R3 logoJP Morgan Chase has finally bid farewell to the R3 blockchain consortium as it pursues its own interests.

As Banking Technology reported in November, JP Morgan was understood to be in the “leave” camp as it opted out of a fundraising effort for R3.

R3 had initially planned to raise $200 million from its members and give them a 90% stake in a new company. In November, it lowered this target and said members would get a 60% stake in R3.

R3 has now confirmed JP Morgan’s exit to Reuters.
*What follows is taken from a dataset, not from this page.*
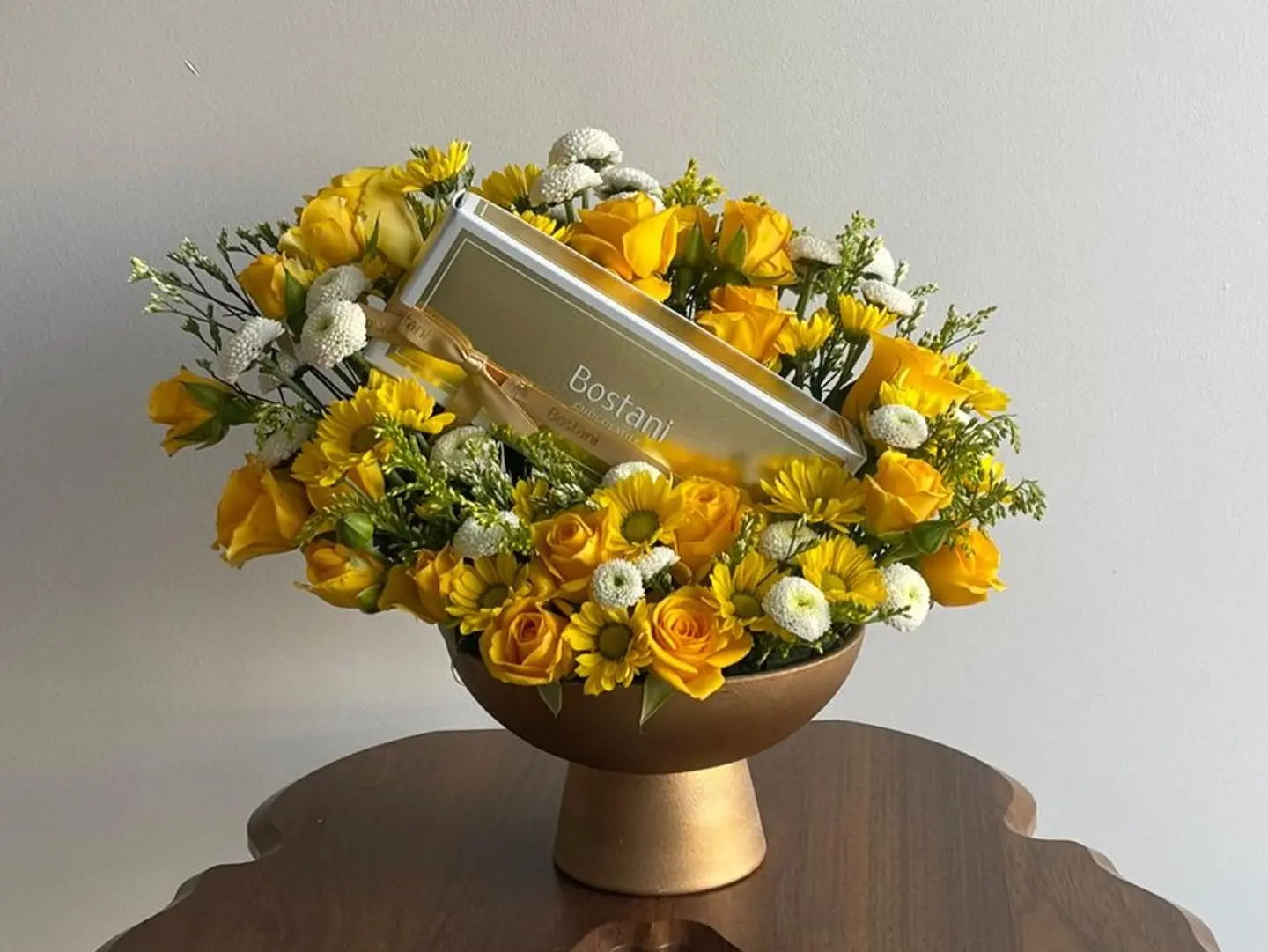 Happy Eid Vase With Chocolate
JP Morgan declined to comment.

“JP Morgan parted ways with R3 to pursue a very distinct technology path which is at odds with the one chosen by the global financial services industry, represented by our 80-plus members,” says Charley Cooper, managing director at R3.

JP Morgan’s departure is part of an exodus – as it follows in the footsteps of Goldman Sachs, Santander, Morgan Stanley and National Australia Bank (NAB) – who all decided to abandon R3 and pursue their own blockchain interests.

In October, it was reported that JP Morgan was developing its own blockchain, called Quorum, on the Ethereum network.

While in March this year, Banco Santander, BNY Mellon, Intel, JP Morgan and Microsoft were some of the big names behind the launch of a new blockchain alliance to rival R3.

Called the Enterprise Ethereum Alliance (EEA), it plans to drive Ethereum blockchain technology best practices – “focusing on security, privacy, scalability and interoperability”.

The departed

The departure is a setback for R3, but it has been active elsewhere.

It partnered with Acord (Association for Cooperative Operations Research and Development) to launch a virtual “centre of excellence” for distributed ledger technology (DLT) in the insurance industry.

R3, together with five of its members and financial resource management specialist HQLAX, built a collateral lending solution for liquidity transfers.

Also, the Illinois Department of Financial and Professional Regulation (IDFPR) became the first US regulatory agency to join R3.